Mike:  How do you like that?  Think about that for just a moment.

Caller Julian:  It’s a kids institute for what they have a desire to learn.  They can learn faster or slower.

Mike:  That’s right.  If your kid is really an ace, he doesn’t have to suffer with the rest of the non-aces and endure twelve years of monotony.  Instead, he can be out being a Doogie Howser when he’s 13.  There’s no legality to this.  There’s no compulsion.  The State is not saying you have to go.  The State is not saying you must get this grade on that particular test.  Instead, it is left up to the needs of the free markets or the needs and desires of the parental units.  I’d like to know what is the counterpoint to that initiative?  Julian, could you give it to me?

Caller Julian:  They wouldn’t be uniform.

Mike:  We must have uniformity.  Citizen, you will obey your school overlords and be uniform, citizen.

Caller Julian:  That’s the problem with everything now.  Everybody wants to be uniform.
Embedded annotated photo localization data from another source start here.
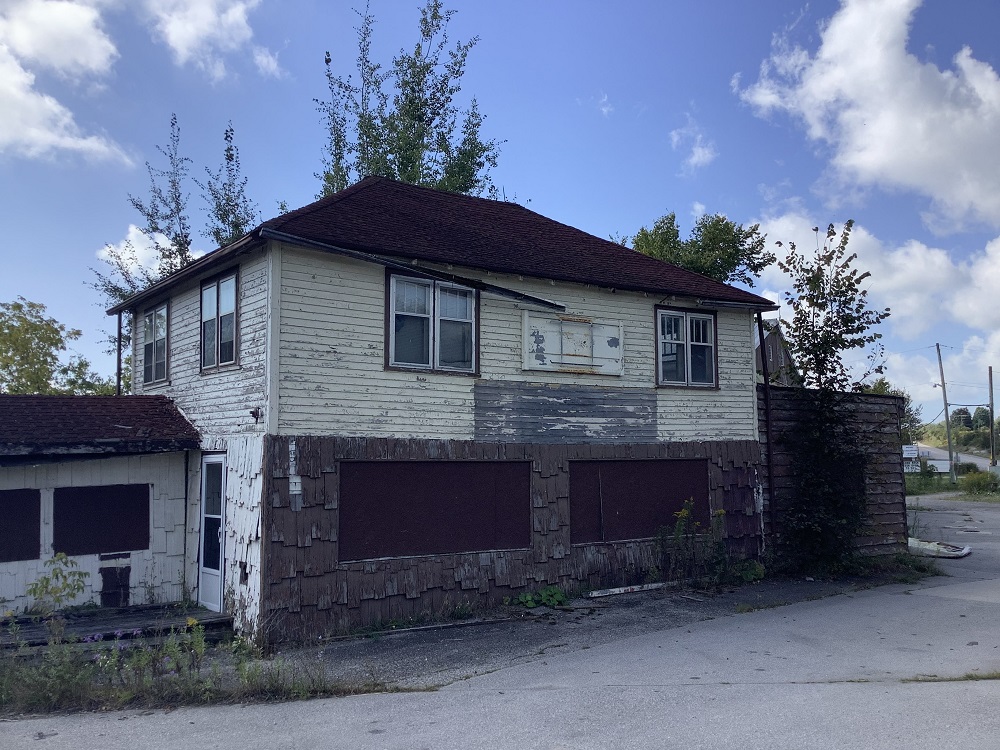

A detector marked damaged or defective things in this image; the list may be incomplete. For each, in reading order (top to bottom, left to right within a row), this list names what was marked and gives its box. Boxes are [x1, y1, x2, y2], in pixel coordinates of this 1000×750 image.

rusted metal panel [0, 488, 40, 564]
rusted metal panel [52, 488, 149, 560]
rusted metal panel [338, 462, 532, 560]
rusted metal panel [572, 458, 712, 548]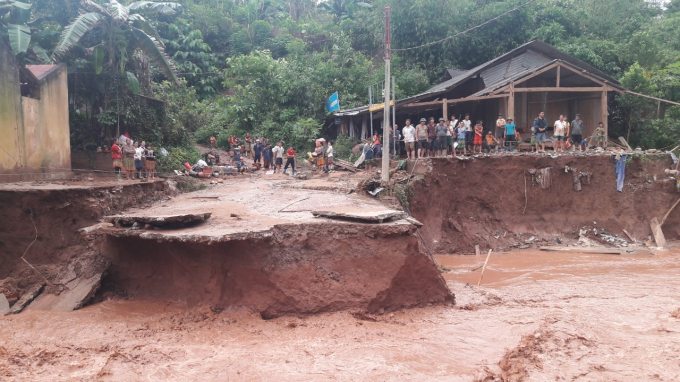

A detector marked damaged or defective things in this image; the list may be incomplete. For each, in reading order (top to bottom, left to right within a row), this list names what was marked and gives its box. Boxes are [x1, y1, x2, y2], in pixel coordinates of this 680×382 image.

broken concrete slab [102, 210, 210, 228]
broken concrete slab [6, 282, 44, 314]
broken concrete slab [28, 255, 110, 312]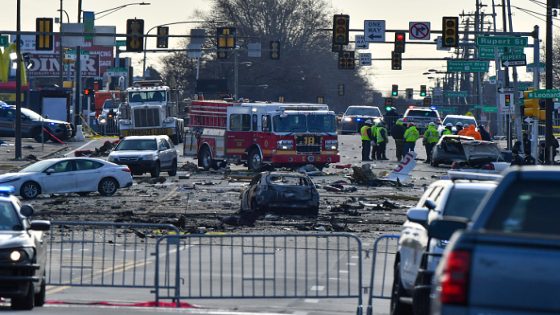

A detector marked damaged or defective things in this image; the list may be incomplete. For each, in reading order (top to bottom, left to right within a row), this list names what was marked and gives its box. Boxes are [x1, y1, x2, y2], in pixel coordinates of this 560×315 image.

burned car wreck [428, 136, 508, 169]
overturned vehicle [430, 135, 510, 170]
damaged car [430, 136, 510, 170]
crashed vehicle [430, 135, 510, 172]
crashed vehicle [240, 172, 320, 216]
damaged car [240, 172, 320, 216]
overturned vehicle [240, 172, 320, 216]
burned car wreck [240, 173, 320, 217]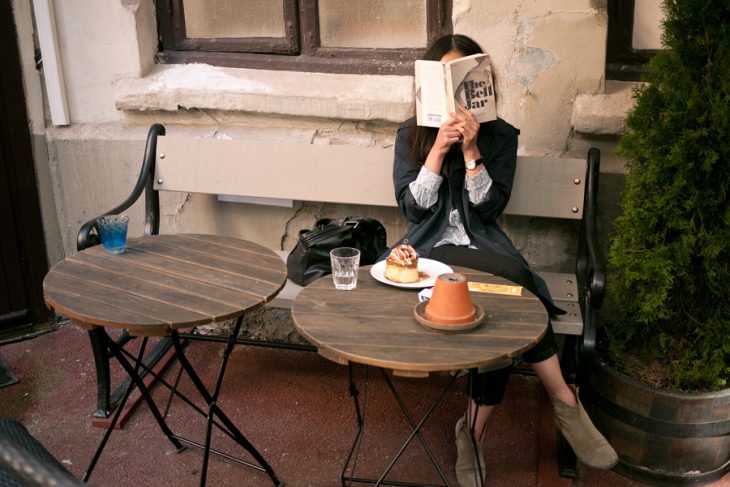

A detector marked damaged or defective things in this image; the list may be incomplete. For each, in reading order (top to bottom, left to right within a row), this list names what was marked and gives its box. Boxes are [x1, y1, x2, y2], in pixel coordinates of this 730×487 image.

cracked plaster wall [15, 0, 620, 274]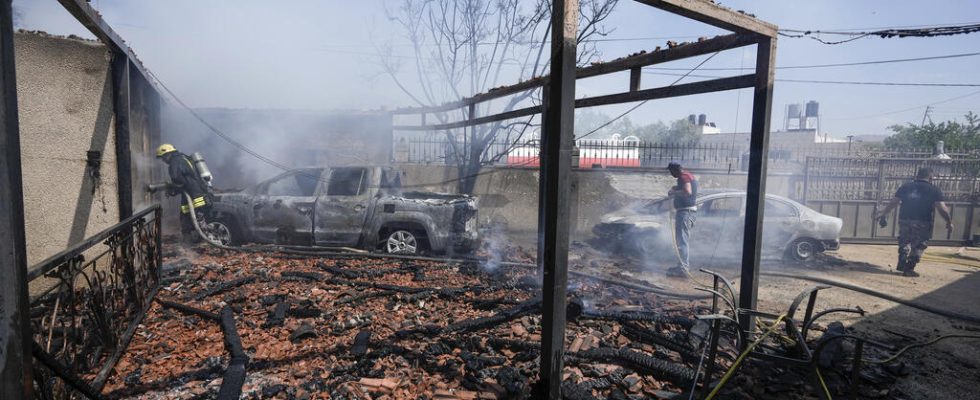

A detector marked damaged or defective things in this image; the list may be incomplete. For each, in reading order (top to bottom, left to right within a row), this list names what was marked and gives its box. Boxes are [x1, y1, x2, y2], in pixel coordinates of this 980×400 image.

charred sedan [210, 166, 478, 255]
burned pickup truck [209, 165, 480, 253]
charred sedan [588, 191, 844, 262]
fire damage [82, 242, 920, 398]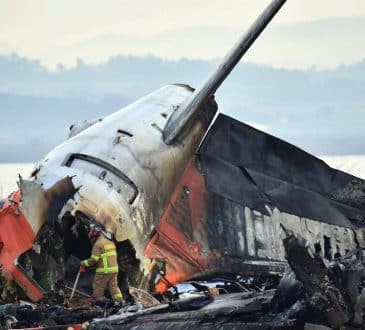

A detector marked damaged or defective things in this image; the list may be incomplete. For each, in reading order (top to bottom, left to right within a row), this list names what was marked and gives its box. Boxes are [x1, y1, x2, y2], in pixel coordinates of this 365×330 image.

charred debris [0, 231, 364, 328]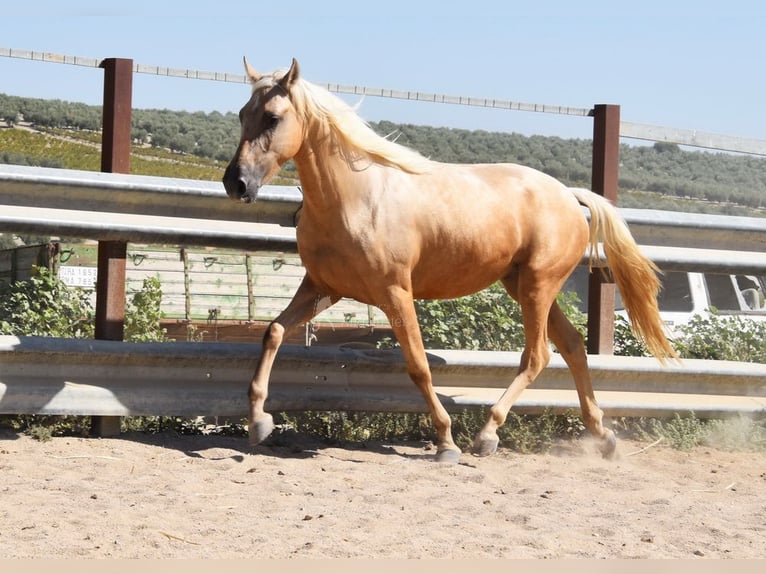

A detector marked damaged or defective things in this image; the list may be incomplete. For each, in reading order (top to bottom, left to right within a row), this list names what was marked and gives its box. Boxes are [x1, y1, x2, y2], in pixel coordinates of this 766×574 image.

rusty metal post [92, 58, 134, 436]
rusty metal post [592, 103, 620, 356]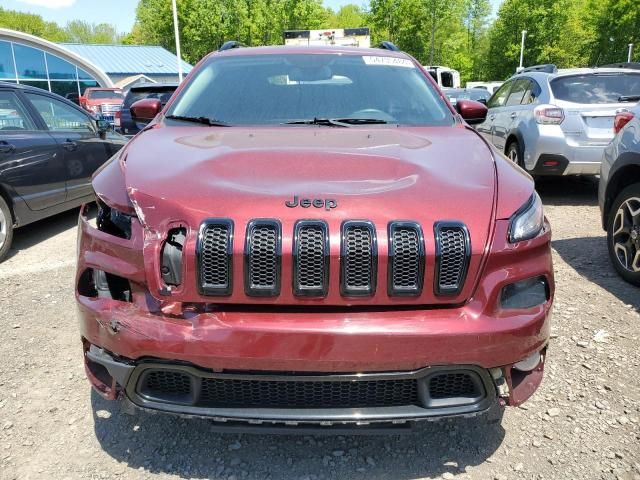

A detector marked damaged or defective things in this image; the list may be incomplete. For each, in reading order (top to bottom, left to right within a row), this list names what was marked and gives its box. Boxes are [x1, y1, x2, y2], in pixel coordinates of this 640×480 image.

broken headlight housing [96, 198, 132, 239]
broken headlight housing [508, 192, 544, 244]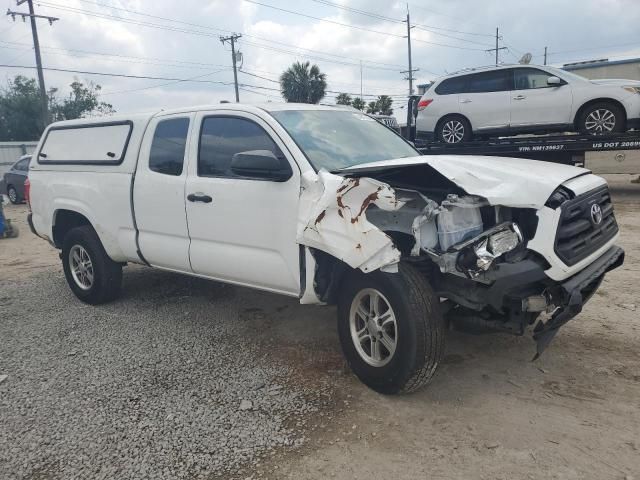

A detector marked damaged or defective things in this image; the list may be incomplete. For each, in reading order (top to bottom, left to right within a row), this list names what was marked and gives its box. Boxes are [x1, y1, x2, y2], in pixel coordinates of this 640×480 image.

crushed hood [340, 156, 592, 208]
damaged front end [298, 163, 620, 358]
broken headlight [458, 222, 524, 276]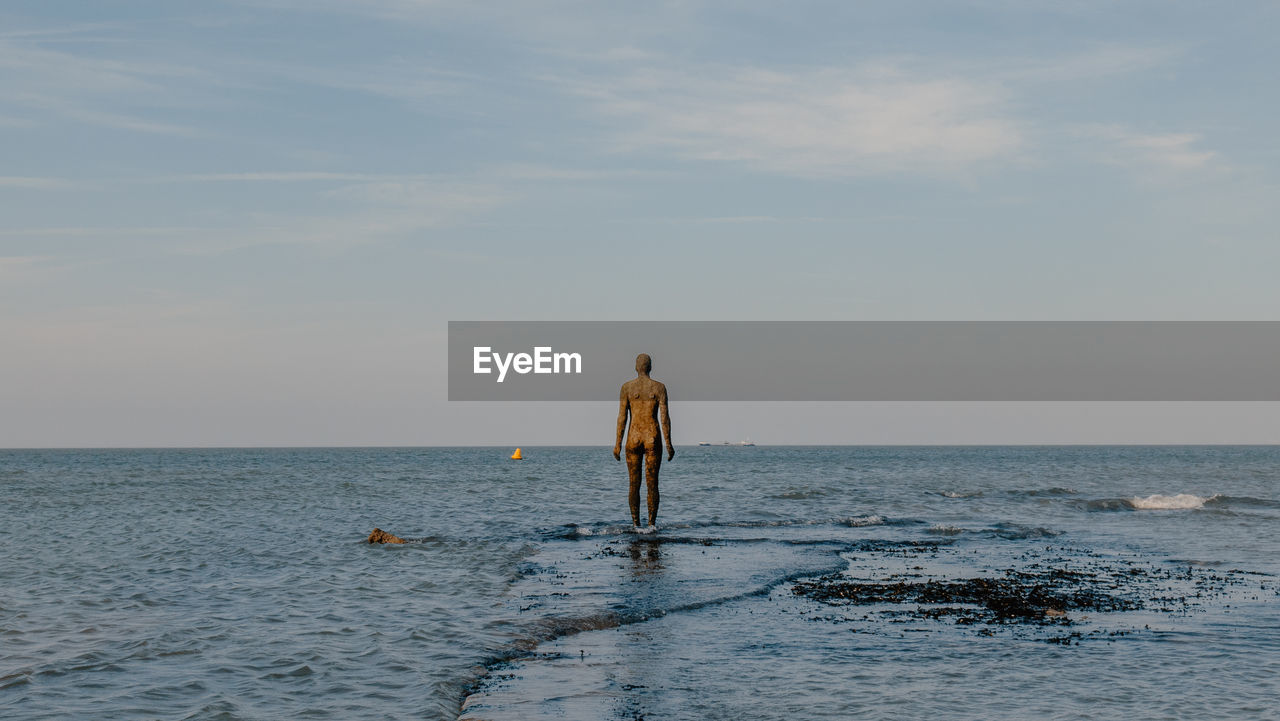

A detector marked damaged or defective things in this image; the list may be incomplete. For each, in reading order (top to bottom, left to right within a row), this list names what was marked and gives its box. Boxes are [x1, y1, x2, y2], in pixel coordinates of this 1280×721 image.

rusty human figure statue [611, 353, 675, 530]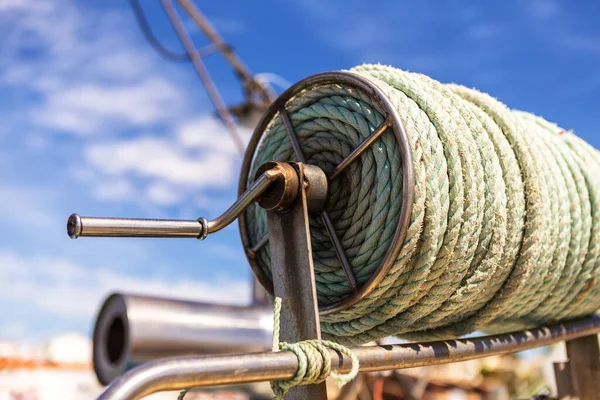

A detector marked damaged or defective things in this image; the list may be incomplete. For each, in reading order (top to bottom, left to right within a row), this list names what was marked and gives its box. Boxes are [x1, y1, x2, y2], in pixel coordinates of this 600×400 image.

rusty metal surface [96, 316, 596, 400]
Mike:  Let me touch on something else here while I’m on a roll.  Do you know that when you used to go to university, for example when little Jimmy Madison trudged off to Princeton University in 1773, he didn’t go there to study mathematics.  There was no specific field of study.  What he went there for was for the religious education that the Reverend John Witherspoon, who was the headmaster of Princeton at the time, was going to deliver.  Outside of their regimen of religious instruction, which is what was mainly taught at university in those days, and I think we’d be well advised to get back to, outside of that there were other curricula.  You would learn the ways of the ancient world and the geniuses of the ancient world by doing what, Julian?  Studying and learning to read and write Latin and Greek and the ancient languages, studying the ancient history of Rome, studying the history of the Helvetic Republic, studying the history of the great works of the Medieval times.  This is how a child would become a man of the world.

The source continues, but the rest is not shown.